WHAT THE TASK REQUIRES:
Could you output all of the records below exactly as they appear?
━━━━━ DATA PROVIDED ━━━━━
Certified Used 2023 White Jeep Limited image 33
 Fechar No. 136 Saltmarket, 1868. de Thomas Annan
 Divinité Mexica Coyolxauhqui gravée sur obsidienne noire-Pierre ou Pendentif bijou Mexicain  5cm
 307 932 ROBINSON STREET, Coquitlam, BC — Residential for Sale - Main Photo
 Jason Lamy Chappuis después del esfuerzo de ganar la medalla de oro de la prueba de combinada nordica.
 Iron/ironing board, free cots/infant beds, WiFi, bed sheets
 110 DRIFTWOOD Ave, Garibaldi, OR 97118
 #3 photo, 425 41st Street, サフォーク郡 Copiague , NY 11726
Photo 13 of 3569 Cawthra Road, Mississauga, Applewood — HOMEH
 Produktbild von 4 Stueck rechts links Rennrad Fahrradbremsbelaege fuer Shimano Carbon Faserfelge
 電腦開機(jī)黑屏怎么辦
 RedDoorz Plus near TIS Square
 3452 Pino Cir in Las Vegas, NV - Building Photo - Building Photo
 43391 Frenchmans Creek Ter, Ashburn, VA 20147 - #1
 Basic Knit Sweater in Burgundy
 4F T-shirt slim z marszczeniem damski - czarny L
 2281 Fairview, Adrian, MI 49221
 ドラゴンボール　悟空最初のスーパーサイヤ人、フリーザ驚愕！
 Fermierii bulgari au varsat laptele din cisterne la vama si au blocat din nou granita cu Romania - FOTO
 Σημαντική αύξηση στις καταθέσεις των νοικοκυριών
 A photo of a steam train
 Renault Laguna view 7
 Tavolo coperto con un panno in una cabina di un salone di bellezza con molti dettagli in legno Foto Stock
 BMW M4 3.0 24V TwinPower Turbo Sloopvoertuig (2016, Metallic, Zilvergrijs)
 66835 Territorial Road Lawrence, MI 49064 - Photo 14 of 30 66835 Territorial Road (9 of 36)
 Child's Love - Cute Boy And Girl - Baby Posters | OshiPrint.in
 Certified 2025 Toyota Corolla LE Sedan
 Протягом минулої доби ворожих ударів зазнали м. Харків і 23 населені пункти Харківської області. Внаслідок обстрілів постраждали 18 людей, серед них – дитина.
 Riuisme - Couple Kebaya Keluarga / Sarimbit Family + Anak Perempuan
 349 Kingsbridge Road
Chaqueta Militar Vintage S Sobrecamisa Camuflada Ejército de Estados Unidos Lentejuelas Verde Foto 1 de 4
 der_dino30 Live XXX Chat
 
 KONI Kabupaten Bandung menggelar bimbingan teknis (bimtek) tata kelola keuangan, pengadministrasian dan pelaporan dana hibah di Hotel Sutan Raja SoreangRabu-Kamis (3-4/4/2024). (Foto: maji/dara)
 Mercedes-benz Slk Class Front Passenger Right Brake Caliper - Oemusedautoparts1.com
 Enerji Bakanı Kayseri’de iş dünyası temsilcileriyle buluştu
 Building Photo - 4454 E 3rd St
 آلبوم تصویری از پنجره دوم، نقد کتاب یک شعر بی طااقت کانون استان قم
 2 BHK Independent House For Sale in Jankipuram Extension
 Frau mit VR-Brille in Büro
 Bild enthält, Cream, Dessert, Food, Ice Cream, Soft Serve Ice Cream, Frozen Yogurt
━━━━━
EXPECTED ANSWER:
Certified Used 2023 White Jeep Limited image 33
 Fechar No. 136 Saltmarket, 1868. de Thomas Annan
 Divinité Mexica Coyolxauhqui gravée sur obsidienne noire-Pierre ou Pendentif bijou Mexicain  5cm
 307 932 ROBINSON STREET, Coquitlam, BC — Residential for Sale - Main Photo
 Jason Lamy Chappuis después del esfuerzo de ganar la medalla de oro de la prueba de combinada nordica.
 Iron/ironing board, free cots/infant beds, WiFi, bed sheets
 110 DRIFTWOOD Ave, Garibaldi, OR 97118
 #3 photo, 425 41st Street, サフォーク郡 Copiague , NY 11726
Photo 13 of 3569 Cawthra Road, Mississauga, Applewood — HOMEH
 Produktbild von 4 Stueck rechts links Rennrad Fahrradbremsbelaege fuer Shimano Carbon Faserfelge
 電腦開機(jī)黑屏怎么辦
 RedDoorz Plus near TIS Square
 3452 Pino Cir in Las Vegas, NV - Building Photo - Building Photo
 43391 Frenchmans Creek Ter, Ashburn, VA 20147 - #1
 Basic Knit Sweater in Burgundy
 4F T-shirt slim z marszczeniem damski - czarny L
 2281 Fairview, Adrian, MI 49221
 ドラゴンボール　悟空最初のスーパーサイヤ人、フリーザ驚愕！
 Fermierii bulgari au varsat laptele din cisterne la vama si au blocat din nou granita cu Romania - FOTO
 Σημαντική αύξηση στις καταθέσεις των νοικοκυριών
 A photo of a steam train
 Renault Laguna view 7
 Tavolo coperto con un panno in una cabina di un salone di bellezza con molti dettagli in legno Foto Stock
 BMW M4 3.0 24V TwinPower Turbo Sloopvoertuig (2016, Metallic, Zilvergrijs)
 66835 Territorial Road Lawrence, MI 49064 - Photo 14 of 30 66835 Territorial Road (9 of 36)
 Child's Love - Cute Boy And Girl - Baby Posters | OshiPrint.in
 Certified 2025 Toyota Corolla LE Sedan
 Протягом минулої доби ворожих ударів зазнали м. Харків і 23 населені пункти Харківської області. Внаслідок обстрілів постраждали 18 людей, серед них – дитина.
 Riuisme - Couple Kebaya Keluarga / Sarimbit Family + Anak Perempuan
 349 Kingsbridge Road
Chaqueta Militar Vintage S Sobrecamisa Camuflada Ejército de Estados Unidos Lentejuelas Verde Foto 1 de 4
 der_dino30 Live XXX Chat
 
 KONI Kabupaten Bandung menggelar bimbingan teknis (bimtek) tata kelola keuangan, pengadministrasian dan pelaporan dana hibah di Hotel Sutan Raja SoreangRabu-Kamis (3-4/4/2024). (Foto: maji/dara)
 Mercedes-benz Slk Class Front Passenger Right Brake Caliper - Oemusedautoparts1.com
 Enerji Bakanı Kayseri’de iş dünyası temsilcileriyle buluştu
 Building Photo - 4454 E 3rd St
 آلبوم تصویری از پنجره دوم، نقد کتاب یک شعر بی طااقت کانون استان قم
 2 BHK Independent House For Sale in Jankipuram Extension
 Frau mit VR-Brille in Büro
 Bild enthält, Cream, Dessert, Food, Ice Cream, Soft Serve Ice Cream, Frozen Yogurt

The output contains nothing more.